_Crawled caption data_

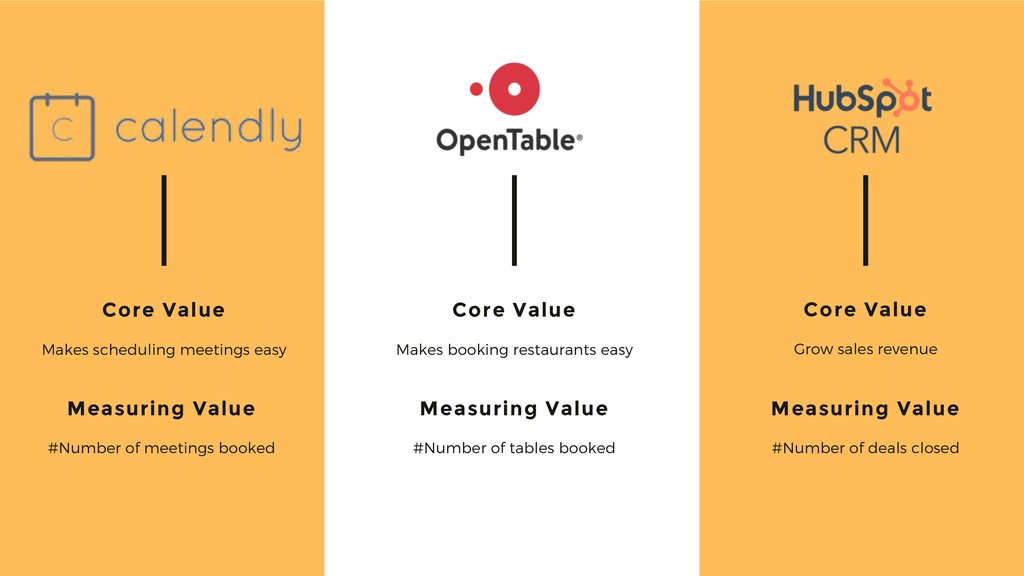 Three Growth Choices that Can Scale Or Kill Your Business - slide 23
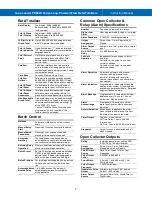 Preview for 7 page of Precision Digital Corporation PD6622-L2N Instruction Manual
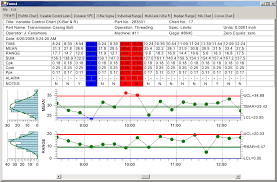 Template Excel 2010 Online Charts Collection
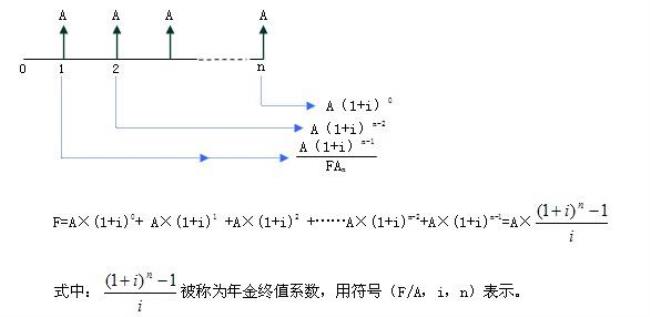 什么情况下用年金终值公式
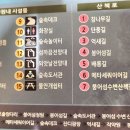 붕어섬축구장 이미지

---

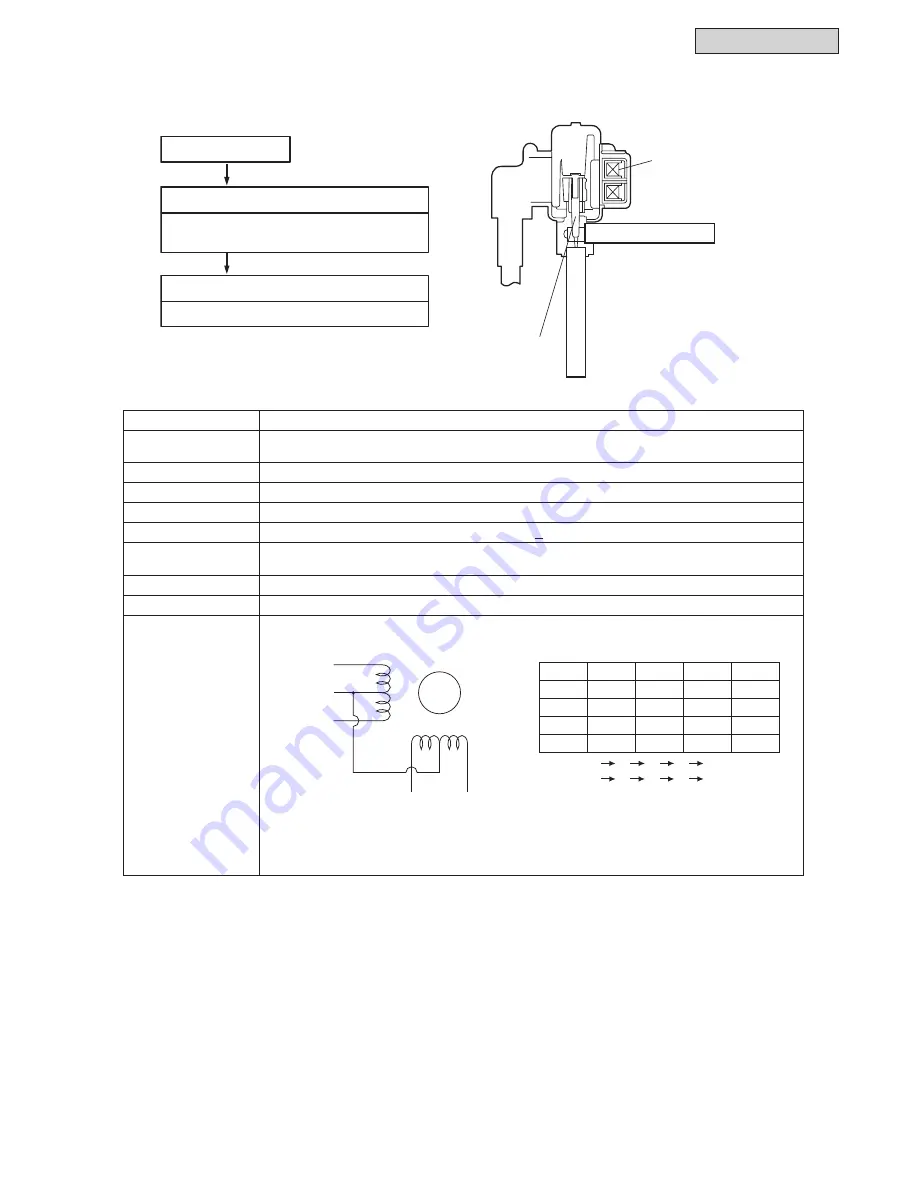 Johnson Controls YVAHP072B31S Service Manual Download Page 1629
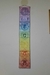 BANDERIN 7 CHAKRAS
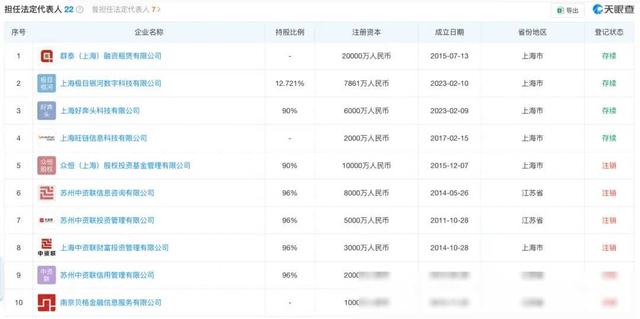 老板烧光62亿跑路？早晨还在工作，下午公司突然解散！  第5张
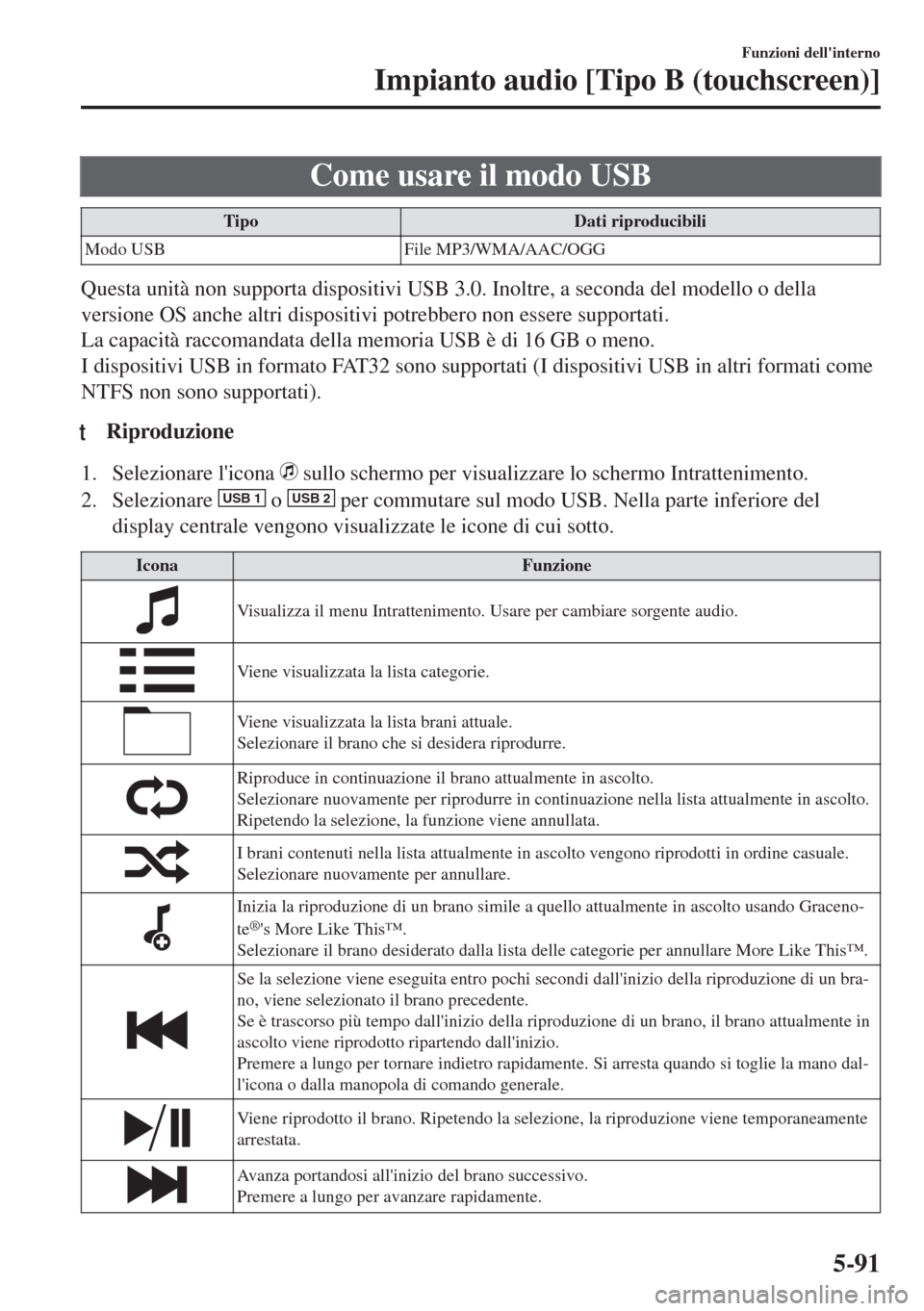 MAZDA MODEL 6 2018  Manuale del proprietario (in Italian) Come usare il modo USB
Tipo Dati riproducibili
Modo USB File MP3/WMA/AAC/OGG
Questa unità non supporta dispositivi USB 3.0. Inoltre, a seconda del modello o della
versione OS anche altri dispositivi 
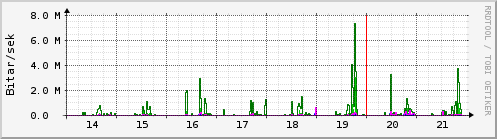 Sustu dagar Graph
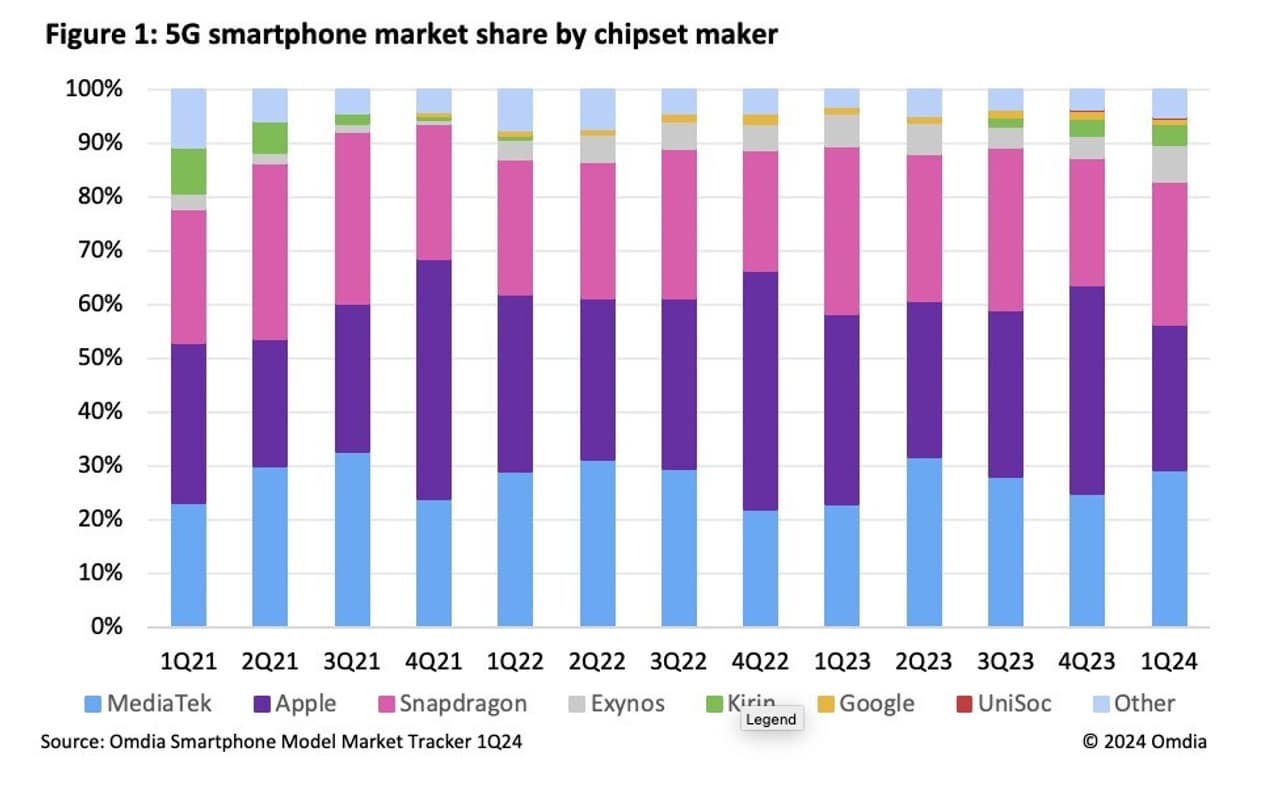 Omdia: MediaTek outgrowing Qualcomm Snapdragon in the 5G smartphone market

==

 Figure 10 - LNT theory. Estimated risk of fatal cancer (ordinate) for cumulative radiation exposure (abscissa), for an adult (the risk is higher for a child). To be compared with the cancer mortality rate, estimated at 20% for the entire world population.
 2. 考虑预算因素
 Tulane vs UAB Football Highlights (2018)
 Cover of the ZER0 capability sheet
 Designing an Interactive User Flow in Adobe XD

_EXERCISE PROMPT_
Among the entries, how many lines include the word "dispositivi"? Give only the number.

_SOLUTION TO THE EXERCISE_
2